Task details:
Please give back the listing exactly, without any of its pictures.

Data provided:
= = = = =
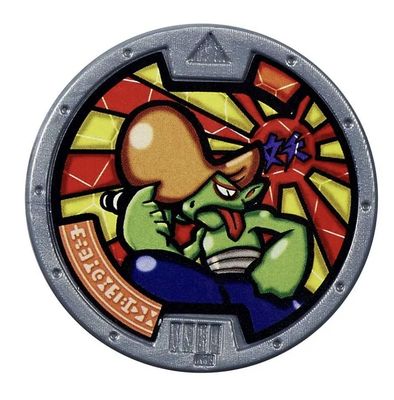 SH4 Roughraff Yokai Watch Medalla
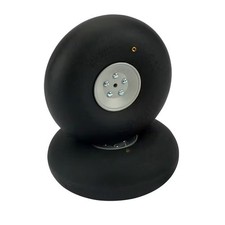 2 Stück DU-BRO 600RV Modellflugzeug Ballonreifen Kunststofffelge 152mm 1693680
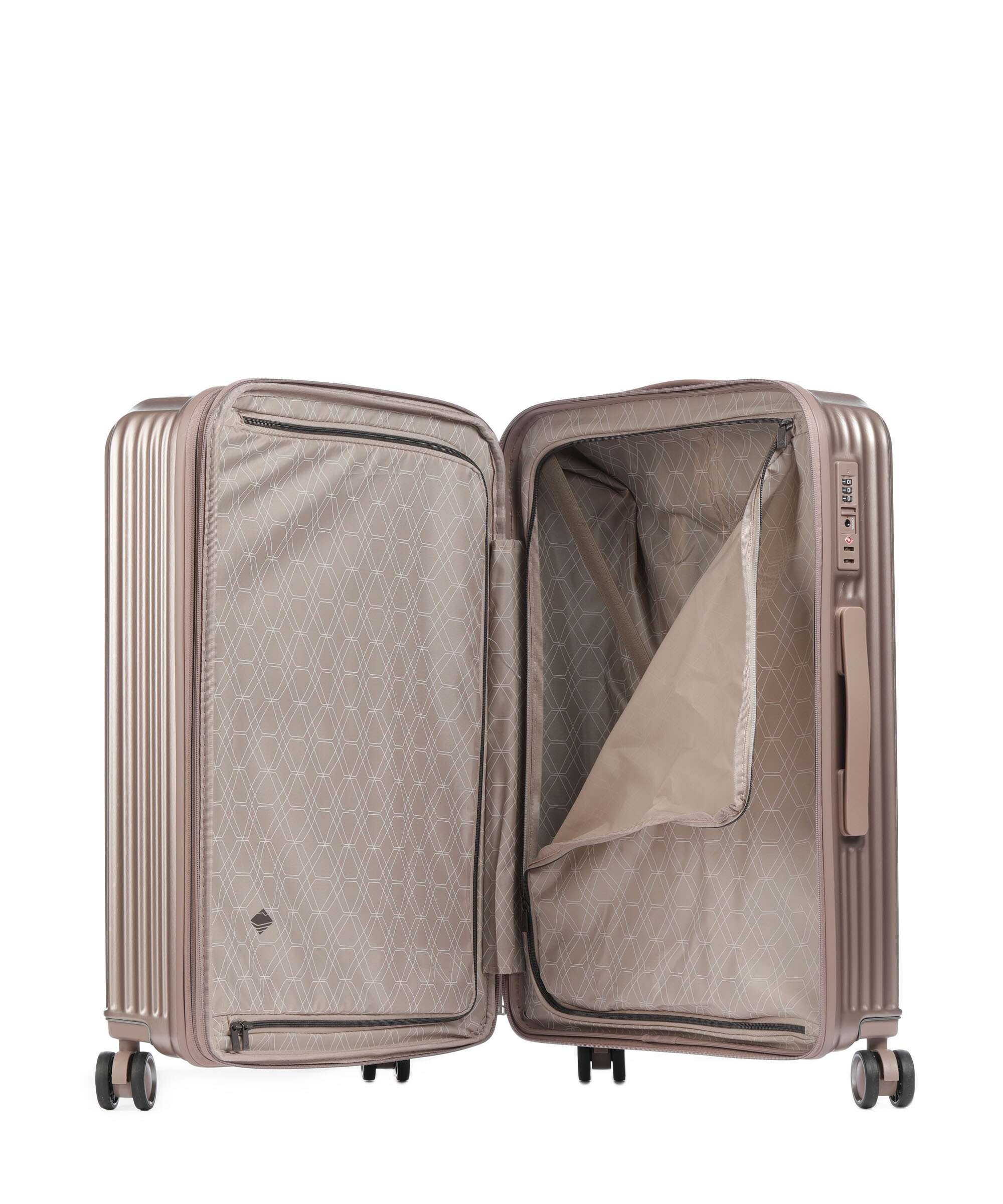 Travelite Paros Suitcase set (4 wheels) cappuccino - Image 6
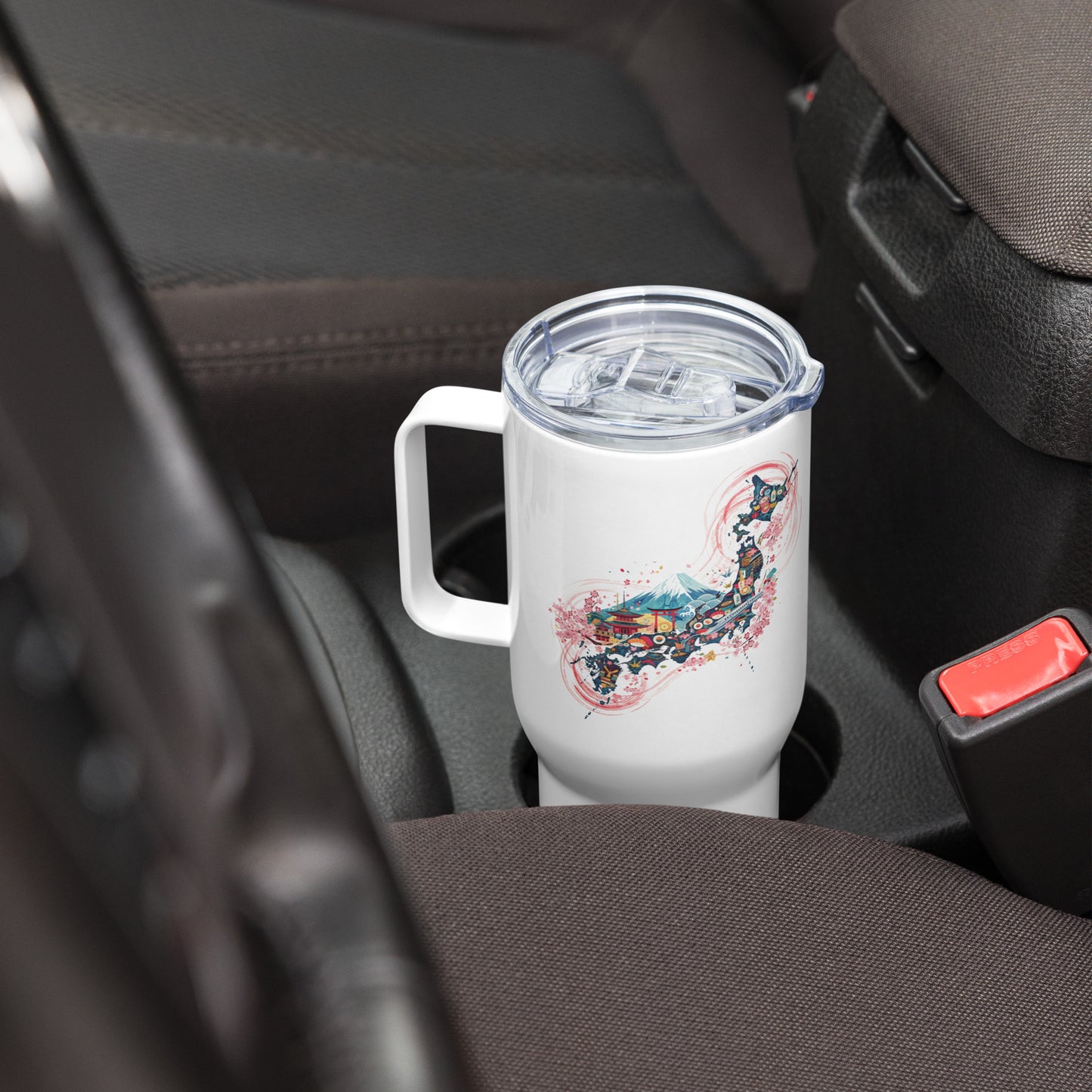 Japan - Travel Mug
= = = = =
Solution:
 SH4 Roughraff Yokai Watch Medalla
 2 Stück DU-BRO 600RV Modellflugzeug Ballonreifen Kunststofffelge 152mm 1693680
 Travelite Paros Suitcase set (4 wheels) cappuccino - Image 6
 Japan - Travel Mug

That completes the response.